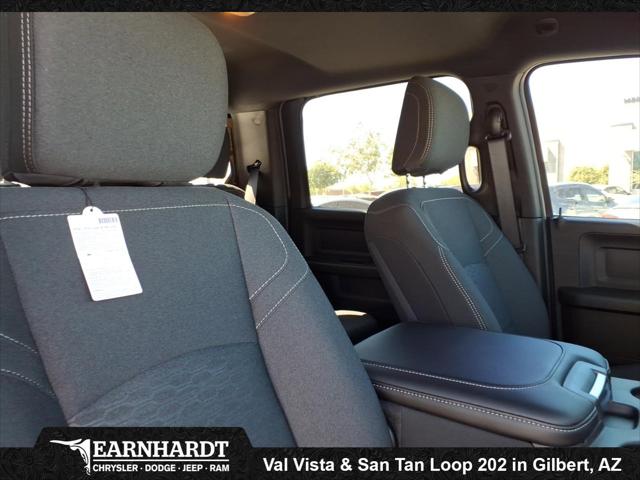 2026 Ram 3500 Tradesman Crew Cab 4x4 8 Box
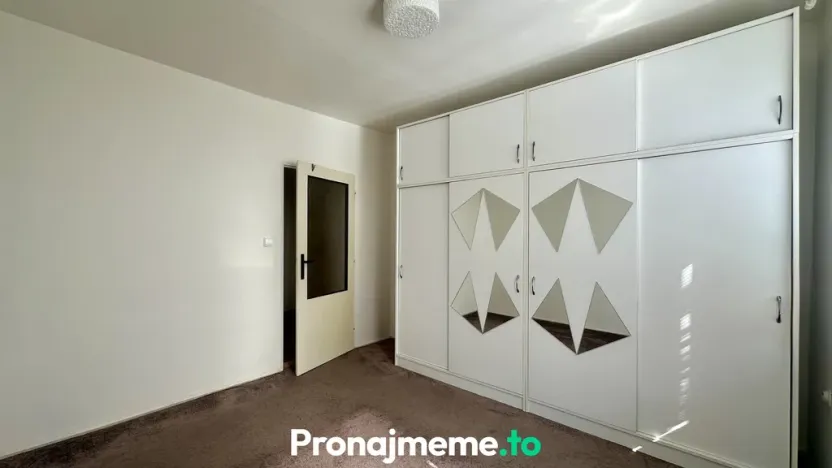 Pronájem bytu 2+1, Znojmo, Pražská, 51 m2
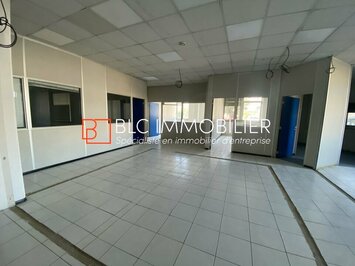 Location Bureau - Marseille 10ème (13010)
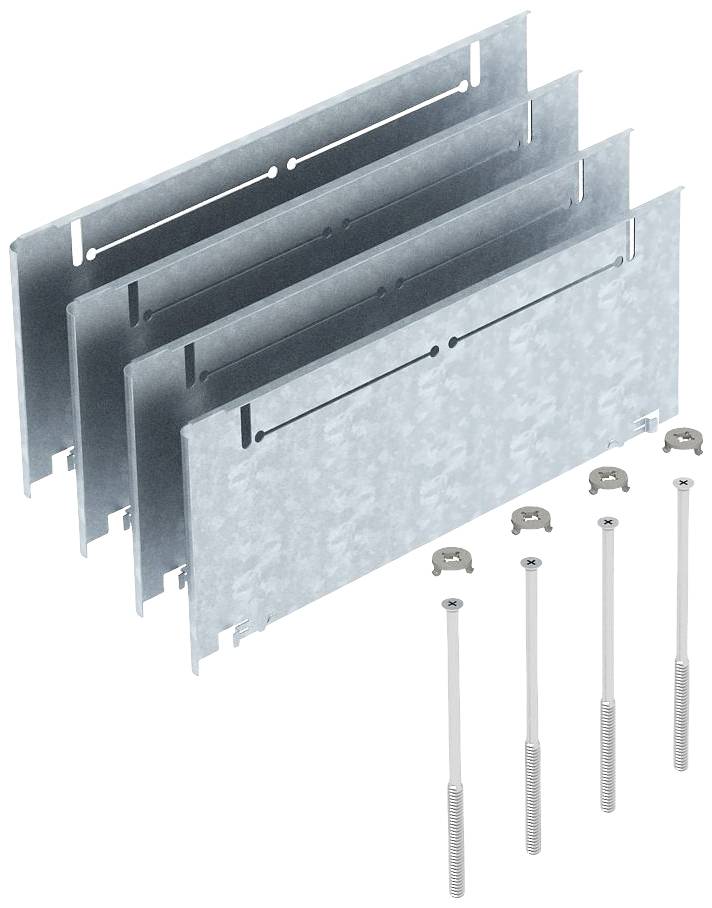 OBO Bettermann ASH250-3 B165220 Afdekframe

** TASK INSTRUCTIONS **
Hand back the data above exactly, with no images.

** RESPONSE BELOW **
 2026 Ram 3500 Tradesman Crew Cab 4x4 8 Box
 Pronájem bytu 2+1, Znojmo, Pražská, 51 m2
 Location Bureau - Marseille 10ème (13010)
 OBO Bettermann ASH250-3 B165220 Afdekframe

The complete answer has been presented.